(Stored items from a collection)
====================
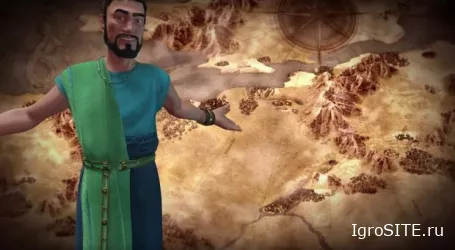 Шон Бин, свежий геймплей Civilization 6 и становление нации
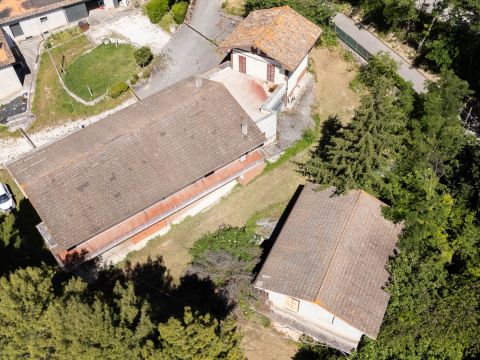 Via Forchiusa Est, 114 - Serra San Quirico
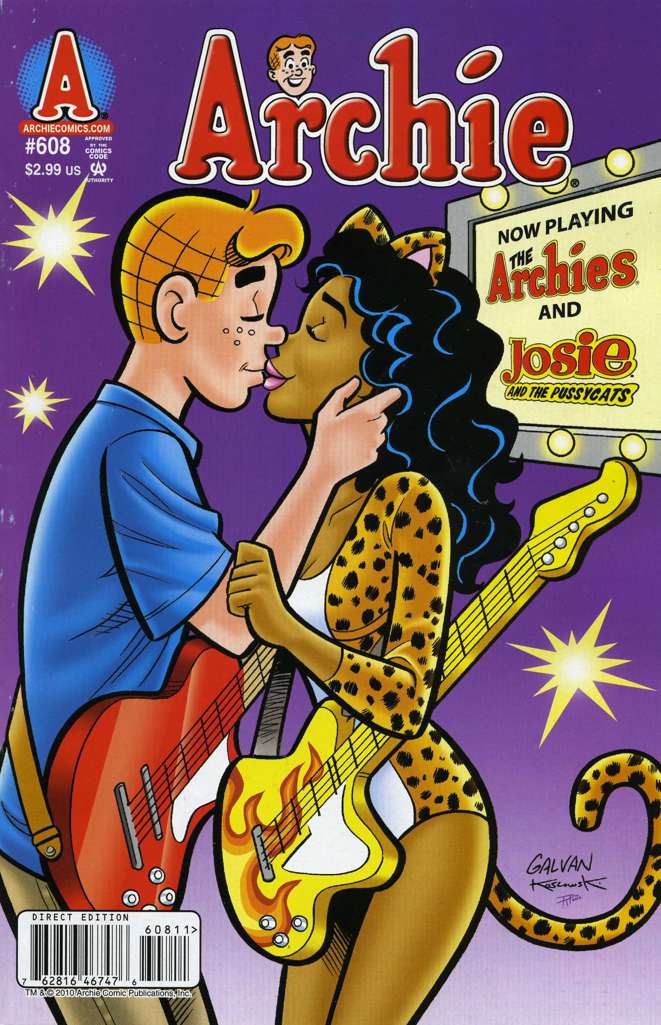 Archie #608
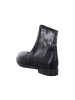 Moma Schnürschuh in schwarz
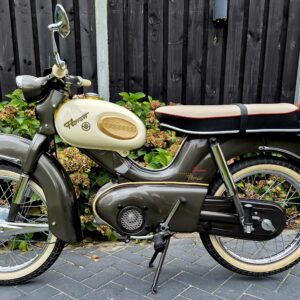 Kreidler Florett K54/2A Super 4 1962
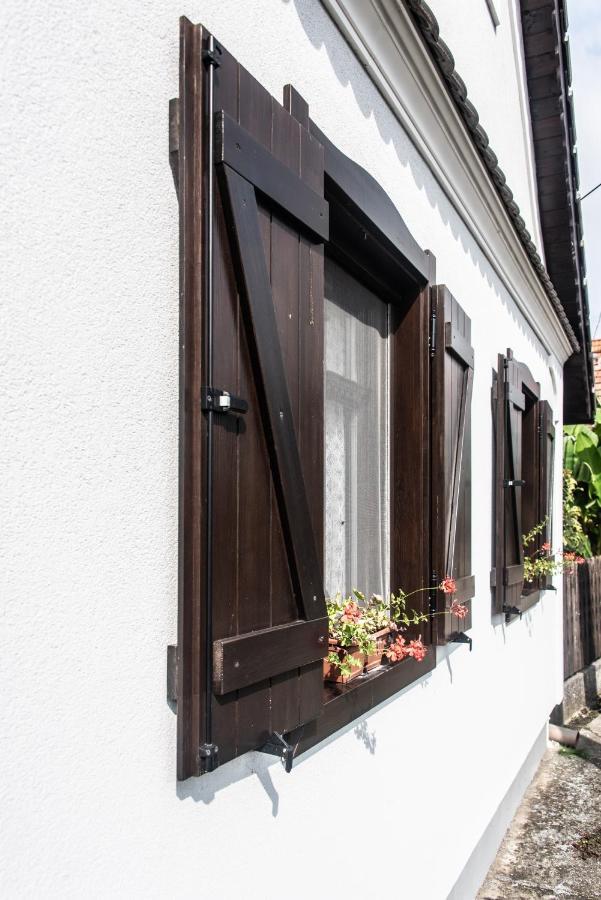Hauptman Apartman Nagyatad Luaran gambar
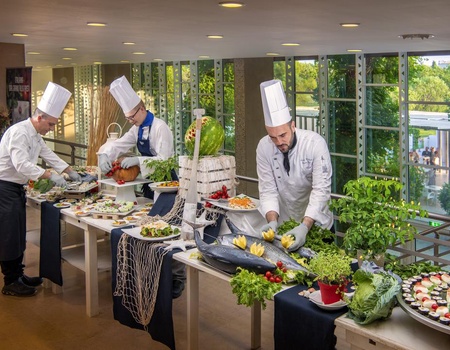 Hôtel Calanè Resort 4* - 5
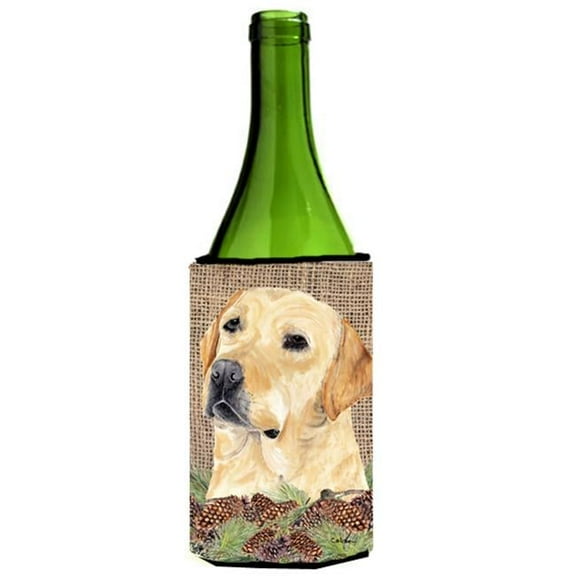 Labrador Wine bottle sleeve Hugger - 24 oz.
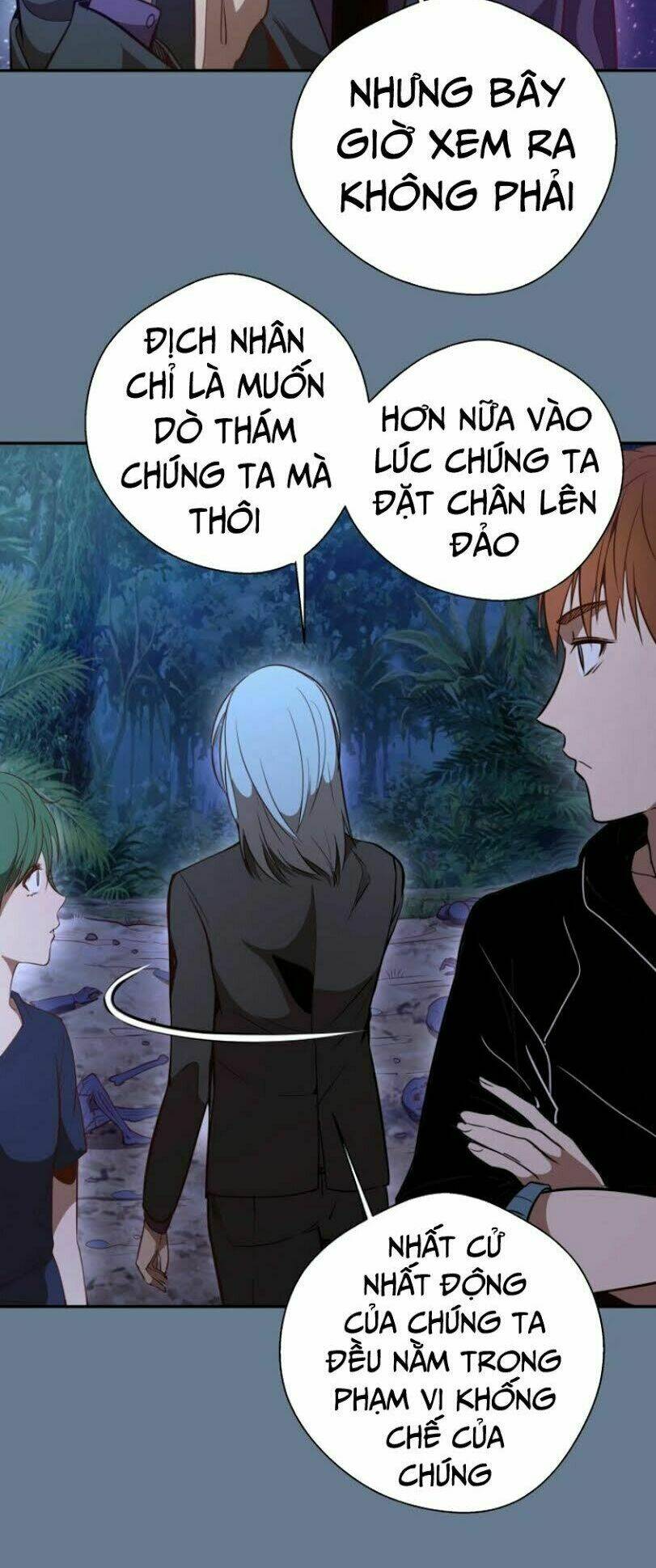 Cao Đẳng Linh Hồn Chapter 40 - Trang 2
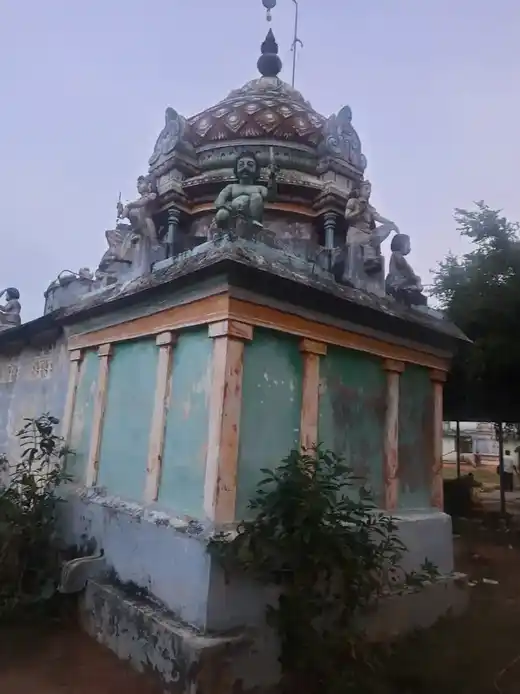 Arulmigu Kariyalagar Iyyanar Poniyamman Pethaperumal Vagayara Temple, Karikkottai - 614013 அருள்மிகு காரியழகர் அய்யனார் பெத்தப்பெருமாள் வகையறா திருக்கோயில், Karikkottai - 614013, Thiruvarur - Ancient Temple Architecture and History Image 10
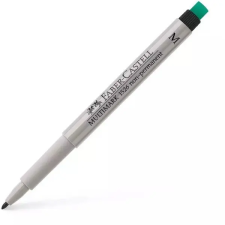 Faber-Castell Faber-Castell 152699 non-permanent M fekete rostirón filctoll, marker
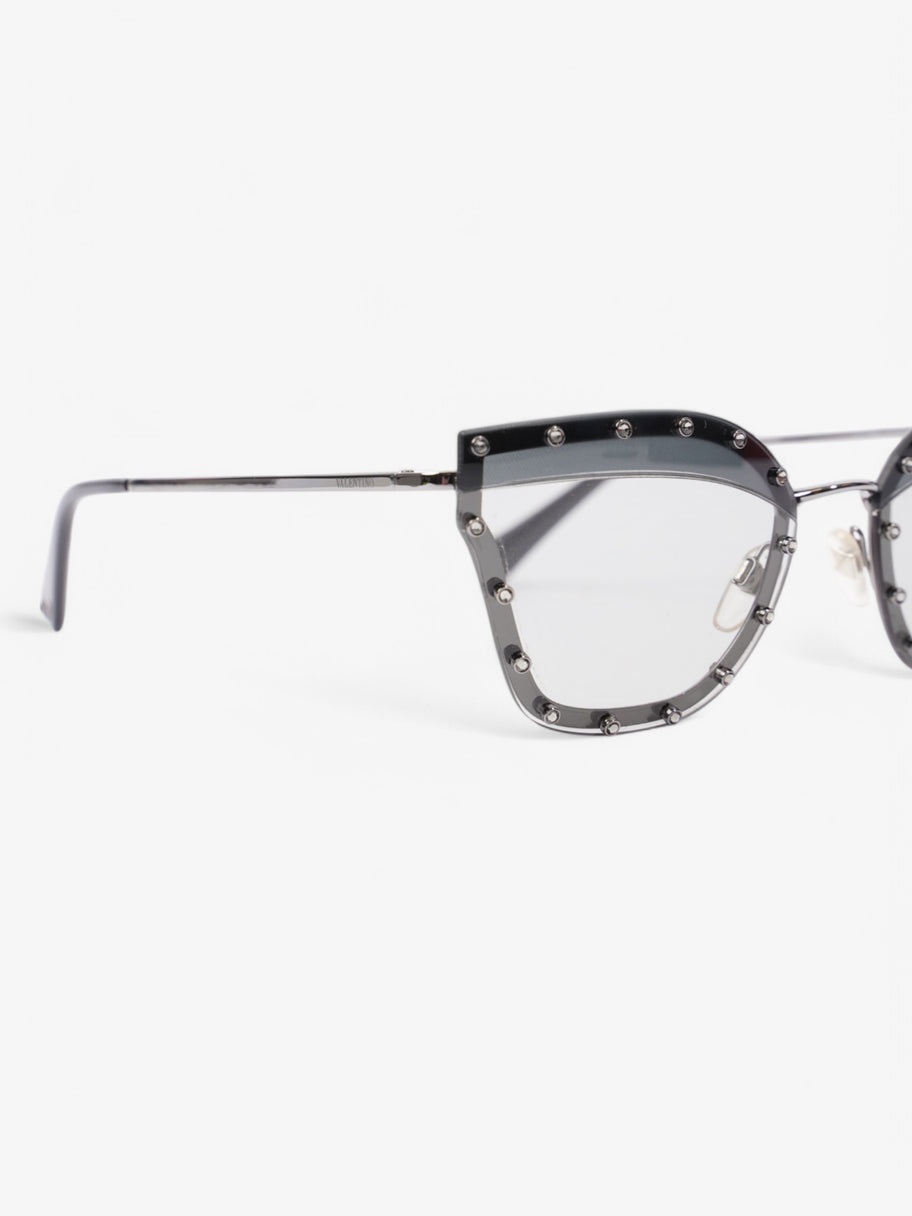 Valentino VA 2028 Sunglasses Black Base Metal 140mm Image 5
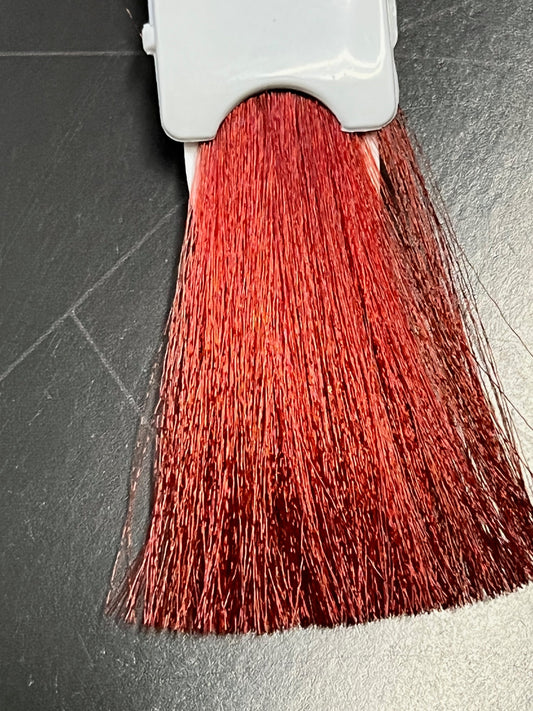 BACO COLOR PERMANENT - 7.60 (7Rn) MEDIUM RED BLONDE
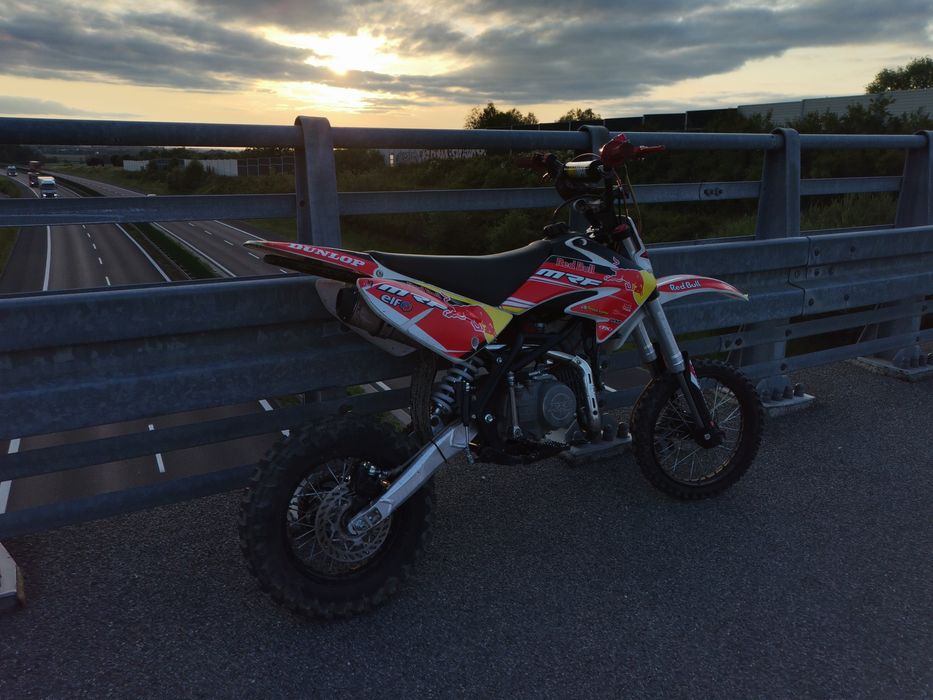 Mrf 150rc-z 2021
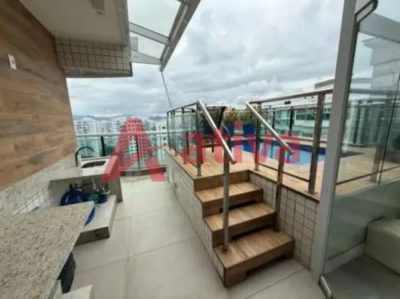 Cobertura, 3 quartos, 262 m² - Foto 1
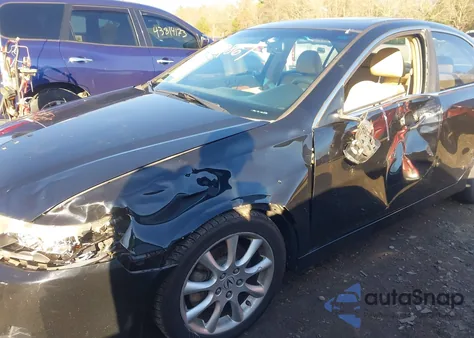 2007 Acura Tsx from USA, damaged, VIN JH4CL96827C006752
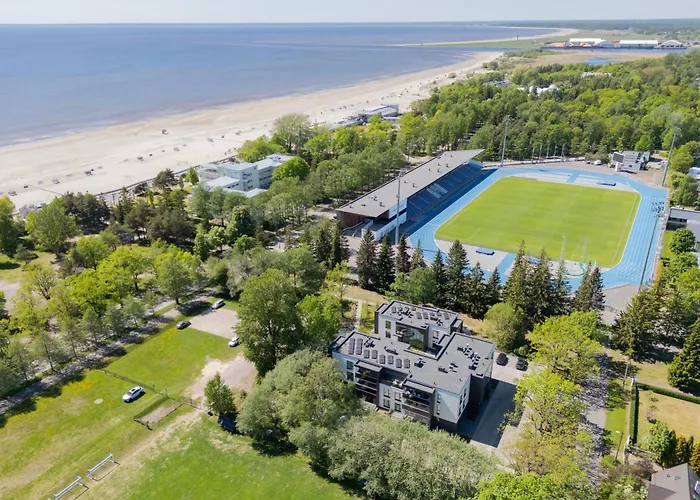 Seafront Apartamento Pärnu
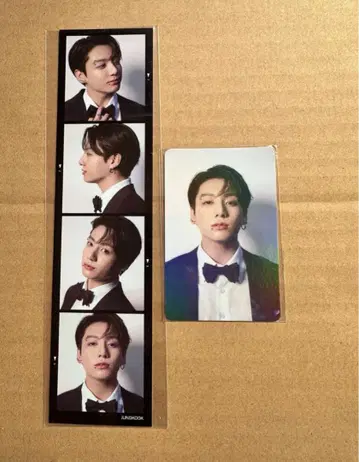 2021 THE FACT BTS PHOTOBOOK SPECIAL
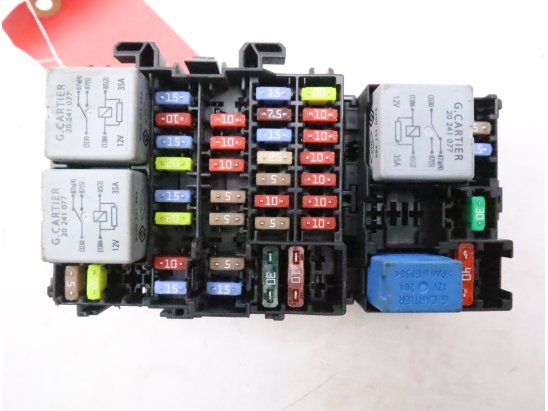 Platine fusible av occasion RENAULT CLIO IV Phase 1 - 1.5 DCI 75ch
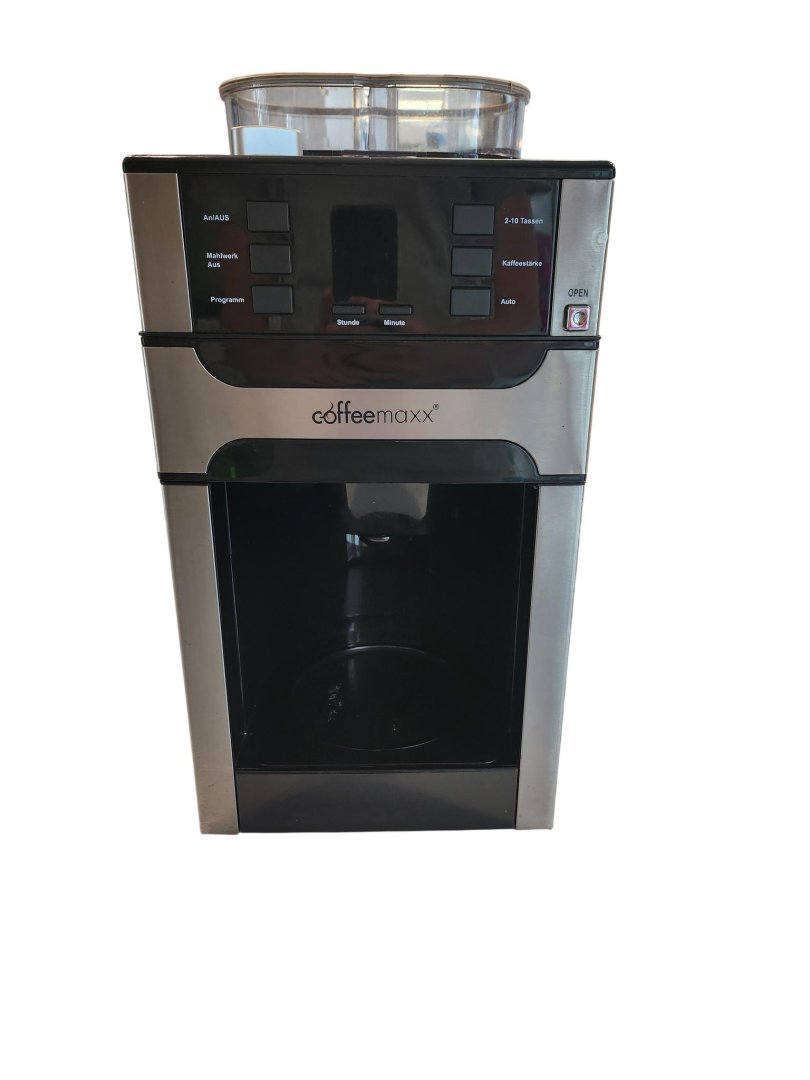 Cafetiere filtre,dosette,grains cafetiere multifonction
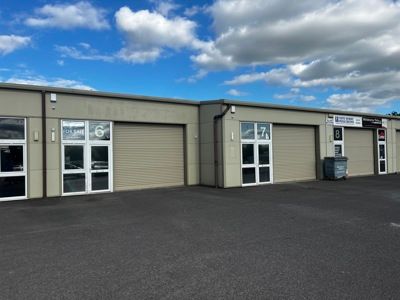 Industrial for sale in Unit 6/7, The Brunel Centre, Cory Way, West Wilts Trading Estate, Westbury BA13, £230,000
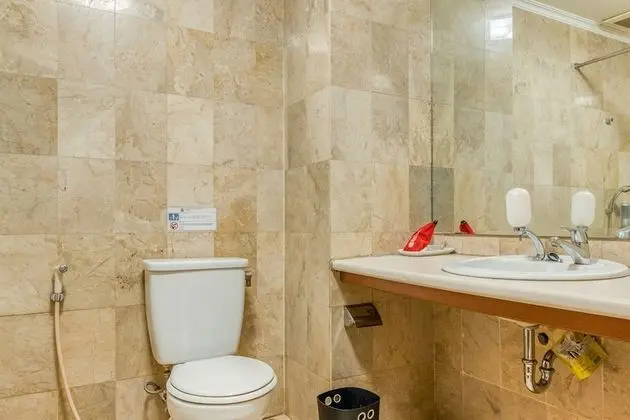 Tek Büyük Yataklı Oda (RedDoorz)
====================
What is wanted is an exact copy of the lines from the line with "Cobertura, 3 quartos, 262 m² - Foto 1" through the end of the records, both ends included, pictures excluded.

Your response:
 Cobertura, 3 quartos, 262 m² - Foto 1
 2007 Acura Tsx from USA, damaged, VIN JH4CL96827C006752
 Seafront Apartamento Pärnu
 2021 THE FACT BTS PHOTOBOOK SPECIAL
 Platine fusible av occasion RENAULT CLIO IV Phase 1 - 1.5 DCI 75ch
 Cafetiere filtre,dosette,grains cafetiere multifonction
 Industrial for sale in Unit 6/7, The Brunel Centre, Cory Way, West Wilts Trading Estate, Westbury BA13, £230,000
 Tek Büyük Yataklı Oda (RedDoorz)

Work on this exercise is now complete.